The legendary financial newsletter writer Richard Russell stated in his Wednesday edition that the U.S. will eventually have to back the dollar by gold to halt its decline.
As the dollar has climbed against the euro in the wake of renewed concerns in Greece, and to a lesser extent, concerns in Portugal, both the euro and dollar have dropped in terms of gold.
The dollar: what was once the ultimate safe haven has taken a backseat to the truly ultimate safe haven asset, gold. “Is this a preview of the future?” Russell asks.
“To compete, I believe that somewhere head the U.S. will have to back its current irredeemable fiat currency with gold” he stated. “In order to do that, the U.S. will have to boost the price of its huge gold hoard to a level where the dollar may be backed anywhere from 50% to 100% with gold. That could mean unilaterally raising the price of gold to maybe $5000 and ounce or more. ..I thought that gold, closing higher, in the face of the stronger dollar, was significant.”
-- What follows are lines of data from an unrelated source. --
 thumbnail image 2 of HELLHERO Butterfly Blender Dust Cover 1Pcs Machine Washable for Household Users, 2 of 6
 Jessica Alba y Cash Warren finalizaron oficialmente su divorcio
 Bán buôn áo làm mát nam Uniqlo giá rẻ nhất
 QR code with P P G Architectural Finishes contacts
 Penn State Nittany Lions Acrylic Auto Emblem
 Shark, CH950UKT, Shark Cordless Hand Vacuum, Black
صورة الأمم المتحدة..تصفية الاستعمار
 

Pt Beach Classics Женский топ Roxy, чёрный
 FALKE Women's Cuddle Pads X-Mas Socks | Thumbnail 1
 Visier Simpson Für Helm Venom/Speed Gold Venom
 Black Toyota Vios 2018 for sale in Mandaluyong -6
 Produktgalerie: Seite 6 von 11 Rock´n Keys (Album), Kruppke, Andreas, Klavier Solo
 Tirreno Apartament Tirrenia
As most of the components of the the Conference Board’s Leading Economic Indicators (LEI) roll over, portending a downturn in the U.S. economy in the next three to six months, the Fed’s decision to halt its purchases of newly minted Treasuries in June comes at a time when the Fed’s liquidity may be needed most (many theorize).
Russell believes the numerous pundits of the Fed’s quantitative easing policies (including two Fed governors) need quelling before announcing further money printing. And a way to do that is to allow a significant market decline, or crash, as some predict, leaving little hope for employment, retail sales, production and housing gains.
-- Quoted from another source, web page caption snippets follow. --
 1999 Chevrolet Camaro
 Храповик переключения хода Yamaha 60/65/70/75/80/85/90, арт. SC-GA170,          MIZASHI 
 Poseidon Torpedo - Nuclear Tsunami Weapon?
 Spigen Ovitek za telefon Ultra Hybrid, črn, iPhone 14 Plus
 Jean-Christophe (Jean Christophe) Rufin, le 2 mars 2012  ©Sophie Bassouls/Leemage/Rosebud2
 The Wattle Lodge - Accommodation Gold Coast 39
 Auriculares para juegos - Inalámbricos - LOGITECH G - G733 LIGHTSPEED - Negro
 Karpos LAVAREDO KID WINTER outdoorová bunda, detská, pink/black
“With inflation heating up as far as American consumers are concerned, the pressure is on the Bernanke Fed to ‘cool it’ on its quantitative easing,” Russell noted. “I think the stock market (now slumping) and the dollar (now rising) are reflecting this. Thus the Fed might be setting off a temporary slump in the summer economy.”
“If so, Bernanke could announce, ‘See, if we ease up, the economy eases up as well.’ All of which strengthens the case for QE3. Of course, President Obama would love a late pick-up in the U.S. economy as the nation moves into the 2012 election period.”
So what’s the game plan for investors? Russell suggests holding gold during the roller-coaster ride and to be happy you did following an anticipated Fed announcement of some form of a continuation of its quantitative easing some time in the second half of 2011.
As Bill Gross stated in March, without the Fed buying newly issued Treasuries, who will buy them? And the Fed’s plan to re-liquify the banks and to debase the dollar won’t be feasible if the 10-year Treasury yields north of 5%.
Therefore, Russell stated, “Prepare for the summer doldrums (maybe even a slump), and then be ready for an economic revival in the fall and into 2012. Also get ready for all-out inflation as the Fed steps on the QE3 accelerator in late 2011.”
He added, “I think the gold action goes along with the above scenario. Why take profits or sell your gold, when the real move in gold is slated for 2012 and beyond?”
The most ominous point Russell made was regarding gold’s record advance against sterling and the euro this past week. Investors fleeing currencies have bought dollars and gold during the recent unwind out of the anything-but-dollars trade, while gold advanced against all major currencies. If this is, indeed, a preview of things to come, more investors could wake up in horror with the realization that there is no place to hide from sovereign debt crises other than gold.
And Russell’s thoughts on stocks? That asset class doesn’t look appealing either based on his technical work. As the Fed, presumably, ends QE2, it’s also assumed that the Fed’s POMO operations to boost stock prices will also go. There’s nothing like getting the attention of the Fed’s nay-sayers with a quick drop in the Dow to turn some hearts around.
“Warning — I have applied the ‘fan-line principle’ to the NYSE Composite Index. Here we see three consecutive trendlines violated,” Russel wrote. “According to the fan-line principle, three trendlines are drawn from the same base. When the third fan-line is violated the trend has reversed and turned down. Based on this chart (above), I would not be holding stocks at this point.”